# Exercise aim:
Set the data below down again, exactly, with every picture left out.
Recorded data below:
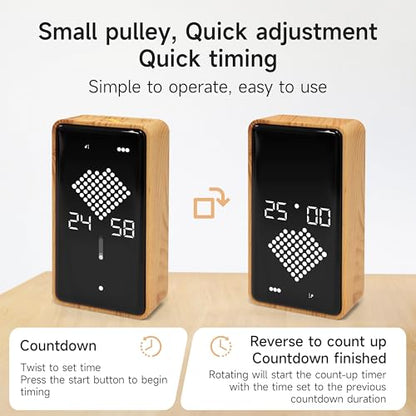 Visual Timer, Rechargeable Digital Hourglass Timer with LED Display - color: Wood Grain Finish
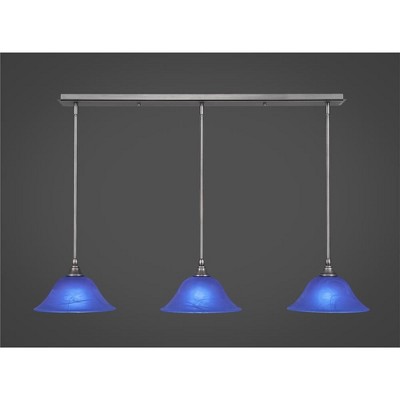 Toltec Lighting Any 3 - Light Chandelier in  Brushed Nickel with 10" Blue Italian  Shade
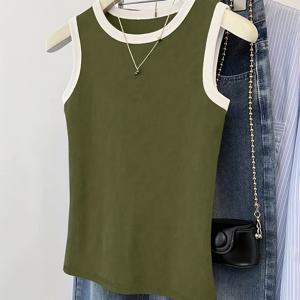 TEMU 여성용 우아한 민소매 라운드넥 탑 - 솔리드 컬러 블라우스, 미디엄 스트레치 캐주얼 & 드레시 셔츠, 세탁기 사용 가능 봄/가을 레이어링 아이템 (부피 없음)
End of Recorded data.
# Reply:
 Visual Timer, Rechargeable Digital Hourglass Timer with LED Display - color: Wood Grain Finish
 Toltec Lighting Any 3 - Light Chandelier in  Brushed Nickel with 10" Blue Italian  Shade
 TEMU 여성용 우아한 민소매 라운드넥 탑 - 솔리드 컬러 블라우스, 미디엄 스트레치 캐주얼 & 드레시 셔츠, 세탁기 사용 가능 봄/가을 레이어링 아이템 (부피 없음)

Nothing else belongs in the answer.